- in Blog , Human Resources , Leadership , Management , Research by David Wilkinson
- 1 comments
The Step-by-Step Guide to How Unethical Behaviour Develops
The Step-by-Step Guide to How Unethical Behaviour in the Workplace Develops
In the the last of my three part series on how to predict unethical behaviour in the workplace develops.
Part One – How to predict unethical behaviour
Part Two – Moral disengagement: How it predicts unethical behaviour
To wrap up this research briefing today I will look at the role situation or the context plays in promoting unethical behaviour in the workplace and the stages people undergo.
Get your free research briefings, infographics and more… –
The researchers also found that what is known as ‘situational strength’ or the cues provided by the environment or context (other people, the culture, observed behaviours, actions and inaction, rewards and punishments etc.) regarding the desirability of potential behaviours, has a significant impact on whether an individual or indeed a team or group of people will engage in unethical behaviour.

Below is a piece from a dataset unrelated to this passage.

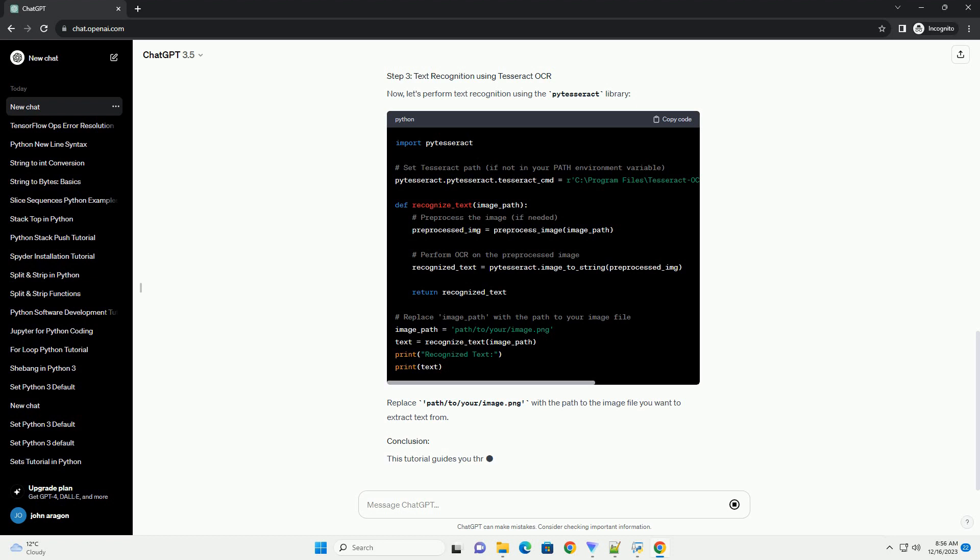Additionally, explore the p-tesseract documentation for more advanced options and configurations. Remember to replace path/to/your/image.jpg with the actual path to your image file.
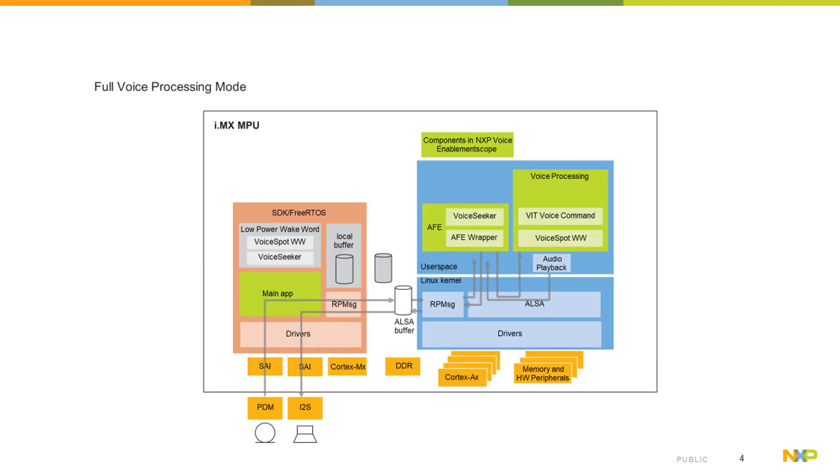When Cortex-A is operating, Cortex-M is passing inputs from microphones and outputs to speaker by RP messages. For applications on Cortex-A, this mechanism is covered by ALSA and the final application is using standard ALSA devices.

Situational strength is a measure of the ability of a situation or set of circumstances to create psychological pressure on the individual to engage in and/or refrain from particular behaviours.
How unethical behaviour in the workplace develops
So the pattern for the development of unethical behaviour in the workplace appears to be:
- Firstly the level of authenticity an individual has, predicts how likely they are to morally disengage in the first place. Authenticity largely appears to be an antidote to the chances of moral disengagement and consequently unethical behaviour.
- Therefore, when a manager or leader with lower levels of authenticity finds themselves in a environment or situation (Situational Strength) that suggests:
- The primacy of the task or goal above all else (task focused) and
- The situation promotes or doesn’t actively disapprove of or takes action against moral disengagement, and
- The individual morally disengages by:
- Creating a narrative or story about why the action is necessary and/or not unethical or out of the ordinary
- Reducing their own sense of involvement or importance in the decision or actions
- Failing to see or being wilfully blind to the consequences, and
- Reducing the impact their actions will have on/or blaming the victims
Then the chances are very high that they will engage in unethical behaviour in the workplace.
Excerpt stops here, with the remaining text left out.